O parágrafo começa com uma descrição seca do cenário, pontuando a data e o horário de maneira muito precisa e imitando a linguagem da meteorologia: "céu parcialmente nublado". É só depois que, na mesma frase - e o fato de tudo estar contido numa única frase é um aspecto importantíssimo -, ela começará a descrever a personagem de um jeito muito indireto, preferindo contar o que a personagem faz e deixar para o leitor que deduza seu estado mental, e dará partida num suspense meio manjado, mas muito bem aplicado aqui, de jogar primeiro a deixa do adjetivo "alheia" e só pouco mais à frente na frase dar o nome da personagem, Estela.

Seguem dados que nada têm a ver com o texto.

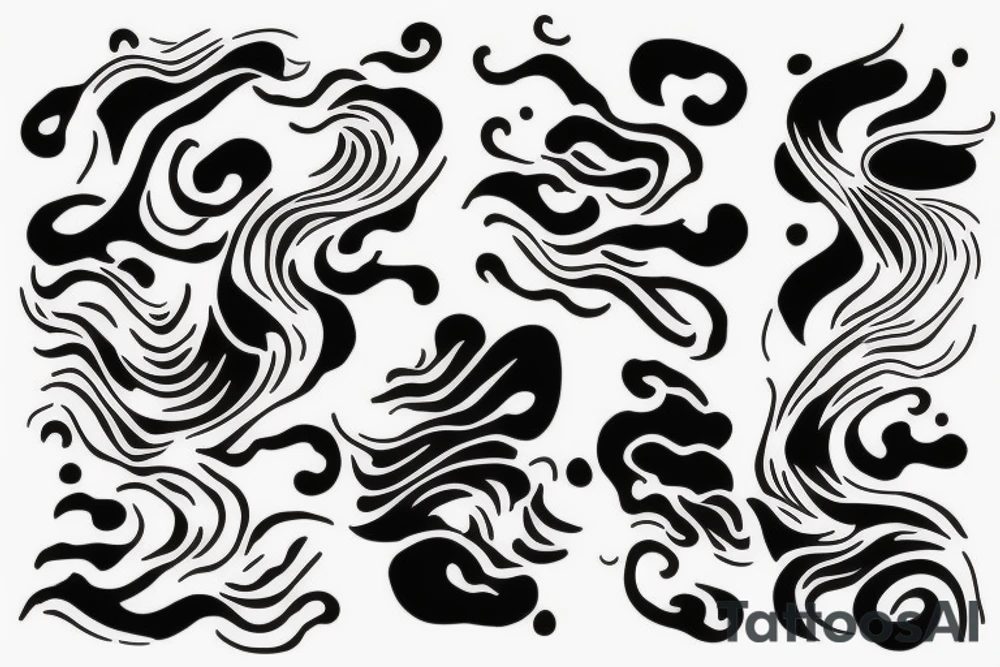 Japanese ukiyo long black river tattoo idea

Se a descrição até então havia sido seca e mecânica, o que veremos em seguida é uma descrição firme e exata dos arredores. Apelar para o cheiro de bife passado na manteiga, por exemplo, é uma maneira habilidosa de fisgar o leitor usando do olfato, nem sempre algo muito simples ou usado com frequência pelos escritores, que tendem a optar muito mais para a visão e para a audição. Penso que a manteiga também ativa o paladar e o fato de que o bife tenha sido assado "há pouco" às três da tarde de sábado descreve bem o que é a rotina das famílias brasileiras aos fins de semana, com seus almoços quase no meio da tarde. E então, a tacada de mestre: a voz em uníssono dos muitos Silvio Santos nas tvs. Poucas vezes um detalhe me deixou tão empolgado. Foi pincelado com maestria, destilando a dose exata de sarcasmo numa descrição minuciosa: a partir dessa informação, podemos presumir que se trata de um prédio residencial pacato numa cidade brasileira qualquer, com suas inúmeras famílias assistindo televisão sintonizadas todas no mesmo canal, o tipo de situação que era absolutamente plausível encontrar numa tarde de sábado de 1968.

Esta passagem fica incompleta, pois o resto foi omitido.